Following Mike Babcock’s successful challenge in Toronto’s opening-night loss to Montreal on Wednesday, Babcock’s provincial rival — Sens head coach Dave Cameron — got it right as well, successfully reversing Evander Kane‘s would-be equalizer in the third period.
From the league:
At 10:34 of the third period in the Senators/Sabres game, Ottawa requested a Coach’s Challenge to review whether Buffalo was off-side prior to Evander Kane’s goal.
After reviewing all available replays and consulting with NHL Hockey Operations staff, the Linesman determined that Buffalo’s Zemgus Girgensons was off-side prior to the goal.
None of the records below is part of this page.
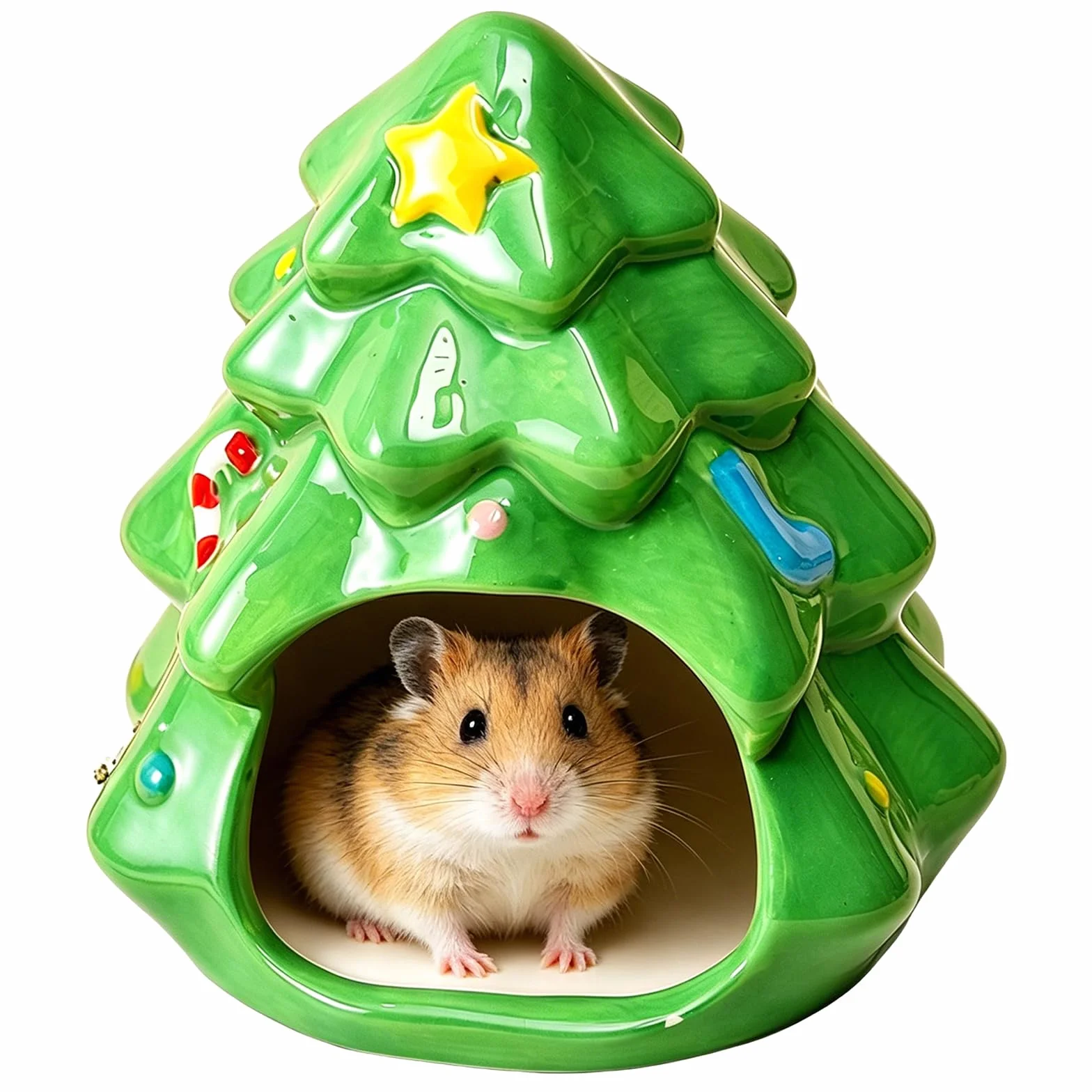 Céramique Maison Cochon d'Inde Vert Maison Hamster en Forme d'arbre Cachettes Convient Aux Hamsters Nains Cochons d'Inde Gerbilles Souris et Autres Petits Animaux de Compagnie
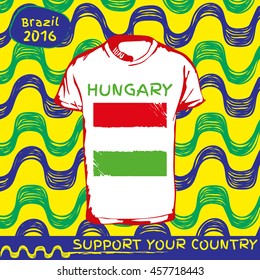 Hand drawn vector. vector pattern with t-shirt with country flag. Support your country. Ipanema, brazil, 2016 pattern. Hungary national flag.

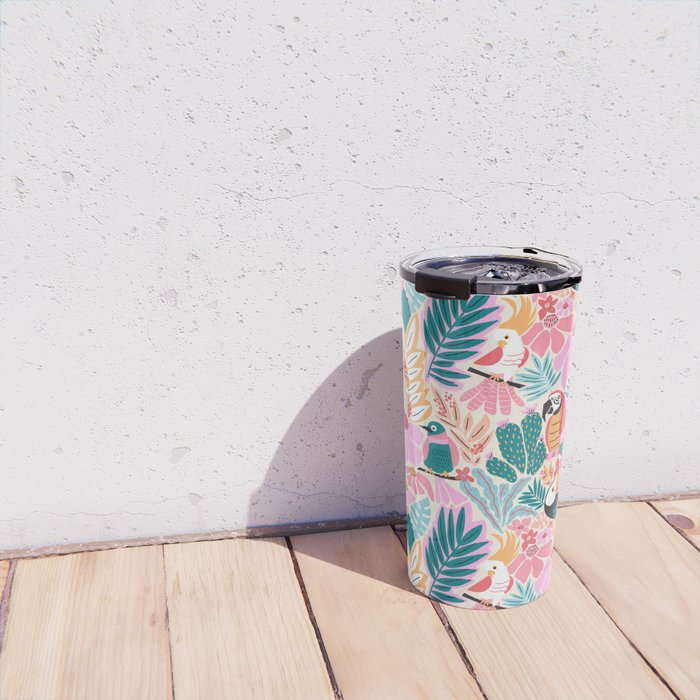 Joyful Jungle Birds In The Happy Pastel Tropics Travel Mug Gallery Image 4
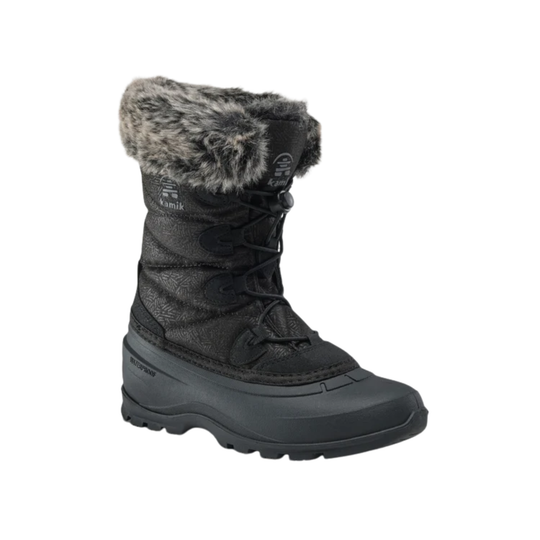 A single Kamik snow boot in black with a gray faux-fur trim around the collar, shown against a plain white background.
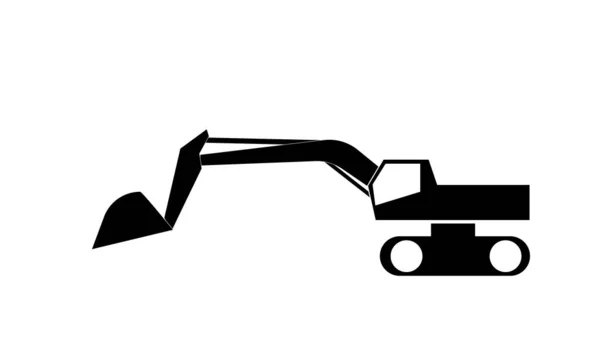 Heavy Bulldozer Machine Monochrome Icon — Stock Photo, Image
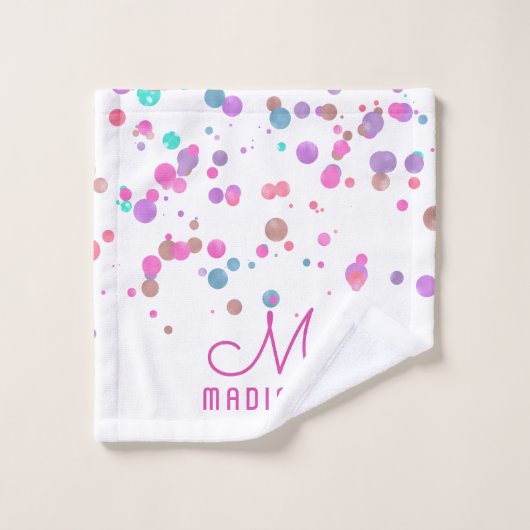 Girly Mermaid Glitter & Folie Confetti Monogram Bad Handdoek (Wasdoekje)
According to Rule 78.7, “The standard for overturning the call in the event of a ‘GOAL’ call on the ice is that the Linesman, after reviewing any and all available replays and consulting with the Toronto Video Room, determines that one or more Players on the attacking team preceded the puck into the attacking zone prior to the goal being scored and that, as a result, the play should have been stopped for an “Off-side” infraction; where this standard is met, the goal will be disallowed.”
Therefore the original call is overturned – no goal Buffalo Sabres.
The clock is re-set to show 9:32 (10:28 elapsed time), when the off-side infraction occurred.
As the league later noted, this was the first coach’s challenge under the offside scenario.